Avalo Therapeutics reports on May 8 carrying one of the most contested short-interest profiles in small-cap biotech.
The bear trade is substantial. Short interest has climbed to 30.7% of the free float — up 29% over the past month — making this one of the more heavily shorted names in the sector. Borrowing availability is tight: the lending pool has been near or fully exhausted for most of April, with availability only recently loosening slightly, touching 91% utilization as of May 4 after running at 100% for extended stretches. Despite all that borrow pressure, the cost to borrow remains remarkably low at just 1.6% annualised — a signal that supply has kept pace with demand even as the short position grew. The ORTEX short score of 78.7 ranks in the 4th percentile of the universe, flagging this as an extremely high-conviction short. Against that, the stock surged 18% on Tuesday and is up 26% on the week, leaving short sellers sitting on meaningful mark-to-market losses heading into the print.
Options traders are incrementally more cautious than they were a month ago, though not dramatically so. The put/call ratio at 0.92 is modestly above its 20-day average of 0.86 — barely one standard deviation above the mean — suggesting options positioning reflects measured hedging rather than outright fear. That's a notable contrast to the short book: the bearish conviction appears far more concentrated in the equity lending market than in derivatives.
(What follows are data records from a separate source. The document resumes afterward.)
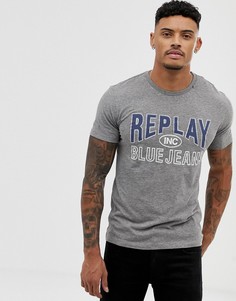 Серая футболка с принтом Replay Blue Jeans-Серый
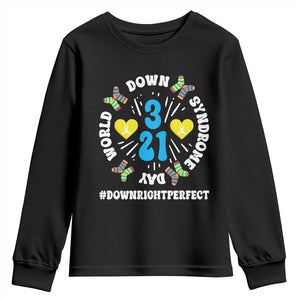 World Down Syndrome Day Youth Sweatshirt 321 Awareness Support Blue Yellow Ribbon TS10 Black Print Your Wear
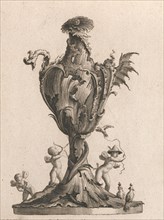 Design for a large Vase or Ewer representing 'Air', Plate 2 from: 'Neu inve..., Printed ca. 1750-56. Creator: Jacob Gottlieb Thelot.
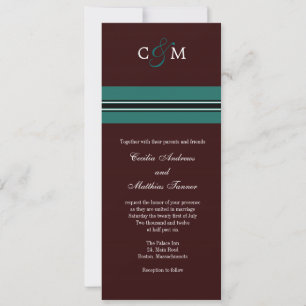 Convite para Casamento de Monograma Teal e Brown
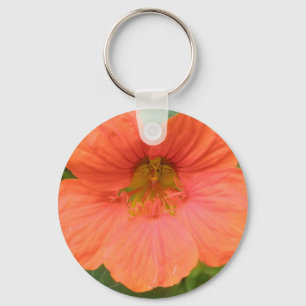 Orange Nasturtium Flower Keychain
The analyst community is constructive and has been getting more so. Wolfe Research initiated with an Outperform at a $48 target on April 9, and Citizens came in at $52 on April 6 — both in the weeks since the last print. BTIG has reiterated its Buy at $40. The consensus sits at 11 buy ratings and a mean target near $40, a significant premium to the current $16.26. The bull case centres on AVTX-009's Phase 2 results in hidradenitis suppurativa and the potential commercial differentiation of targeting IL-1β. Bears point to a crowded IL-1β space, the challenge of beating established IL-17 inhibitors, a PDUFA probability of approval cited around 35%, and the company's negative earnings yield. With a P/E ratio in negative territory and an EV just under $170 million, the stock is a pure pipeline call — valuation multiples are beside the point until efficacy data can speak for themselves.
Insider activity skews modestly negative. The CFO, Christopher Sullivan, has sold shares repeatedly through April and into late April at prices between roughly $13 and $18. The net 90-day insider flow is positive in share terms — primarily from awards — but the pattern of CFO open-market sales into the recent rally is worth noting. On the institutional side, FMR (Fidelity) and T. Rowe Price both built material new positions in the most recent reporting period, with T. Rowe adding nearly 1.45 million shares. That accumulation from two major healthcare-focused allocators provides a counterweight to the insider selling picture.
The May 8 print will test whether AVTX-009 efficacy data — or any clinical update — can give 30% short interest a reason to cover, or whether the bears who built positions through April find their conviction validated.